Despite the grammatical involution of the style here carried to an extreme, and underneath the apparatus of Greek pronouns and participles, there is a fine Hebraistic lilt pervading the doxology. The refrain is in the manner of Psalms xlii.–xliii., and xcix., where in the former instance “health of countenance,” and in the latter “holy is He” gives the key-note of the poet’s melody and parts his song into three balanced stanzas. In such poetry the strophes may be unequal in length, each developing its own thought freely, and yet there is harmony in their combination. Here the central idea, that of God’s actual bounty to believers, fills a space equal to that of the other two. But there is a pause within it, at verse 10, which in effect resumes the idea of the first strophe and works it in as a motif to the second, carrying on both in a full stream till they lose themselves in the third and culminating movement. Throughout the piece there runs in varying expression the phrase “in Christ – in the Beloved – in Him – in whom,” weaving the verses into subtle continuity.
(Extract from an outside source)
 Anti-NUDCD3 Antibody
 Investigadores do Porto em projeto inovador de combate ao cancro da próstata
The theme of the entire composition is given in verse 3, which does not enter into the threefold division we have described, but forms a prelude to it.
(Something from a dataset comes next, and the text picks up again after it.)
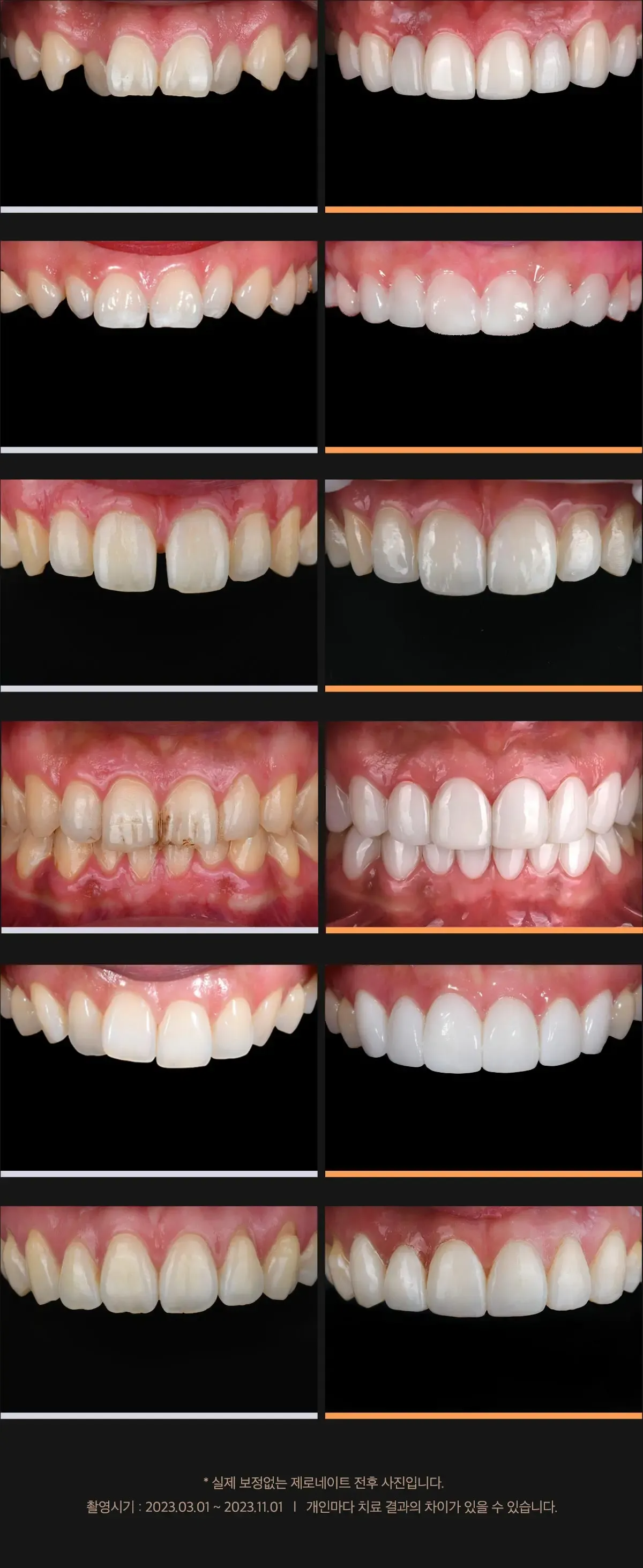 韓國瓷牙貼片 陶瓷牙齒貼片 零磨牙陶瓷牙齒貼片 原理 優點 韓國牙齒美容 韓國牙齒美白 韓國牙科推薦 韓國牙齒護理 韓國牙齒矯正 韓國牙齒貼片 韓國牙科診所推薦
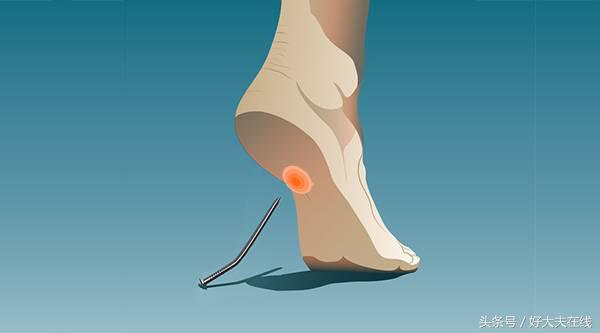 有的鞋走路脚后跟痛怎么回事,走一走就脚痛是鞋的原因吗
“Blessed be the God and Father of our Lord Jesus Christ: who hath blessed us,
In every blessing of the spirit, in the heavenly places, in Christ.”
Blessed be God! – It is the song of the universe, in which heaven and earth take responsive parts. “When the morning stars sang together and all the sons of God shouted for joy,” this concert began, and continues still through the travail of creation and the sorrow and sighing of men. The work praises the Master. All sinless creatures, by their order and harmony, by the variety of their powers and beauty of their forms and delight of their existence, declare their Creator’s glory. That praise to the Most High God which the lower creatures act instrumentally, it is man’s privilege to utter in discourse of reason and music of the heart. Man is Nature’s high priest; and above other men, the poet. Time will be, as it has been, when it shall be accounted the poet’s honour and the crown of his art, that he should take the high praises of God into his mouth, making hymns to the glory of the Supreme Maker and giving voice to the dumb praise of inanimate nature and to the noblest thoughts of his fellows concerning the Blessed God.
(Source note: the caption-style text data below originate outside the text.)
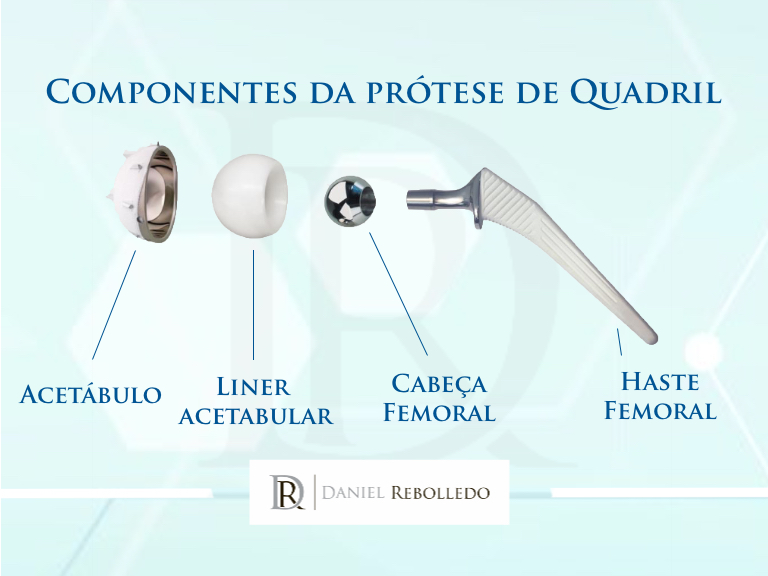 Protese de quadril componentes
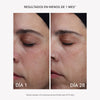 RF Tratamiento Antiarrugas y Reafirmante Contorno de Ojos Plus - Masderm Cosmética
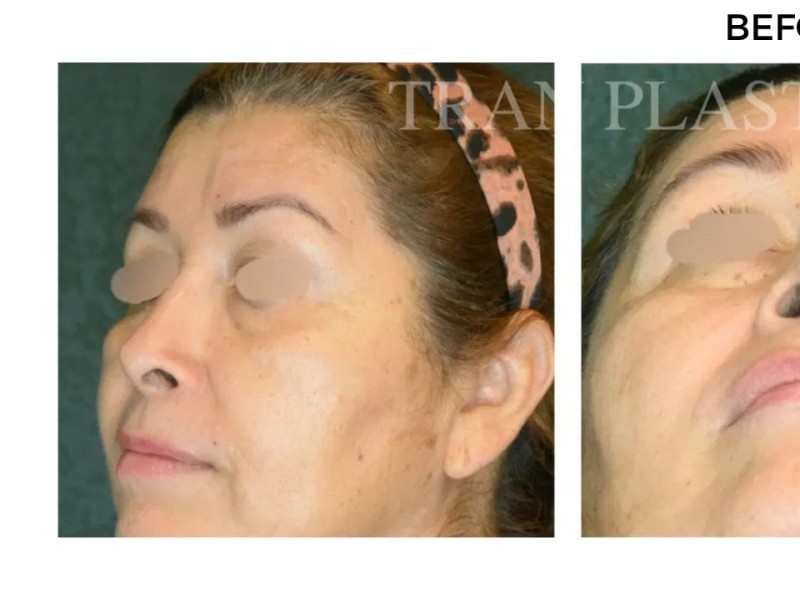 Procedure before and after - before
Blessed be God! – It is the perpetual strain of the Old Testament, from Melchizedek down to Daniel, – of David in his triumph, and Job in his misery. But not hitherto could men say, Blessed be the God and Father of our Lord Jesus Christ ! He was “the Most High God, the God of heaven,” – “Jehovah, God of Israel, who only doeth wondrous things,” – “the Shepherd” and “the Rock” of His people, – “the true God, the living God, and an everlasting King”; and these are glorious titles, which have raised men’s thoughts to moods of highest reverence and trust. But the name of Father , and Father of our Lord Jesus Christ , surpasses and outshines them all. With wondering love and joy unspeakable St Paul pronounced this Benedictus . God was not less to him the Almighty, the High and Holy One dwelling in eternity, than in the days of his youthful Jewish faith; but the Eternal and All-holy One was now his Father in Jesus Christ. Blessed be His name: and let the whole earth be filled with His glory!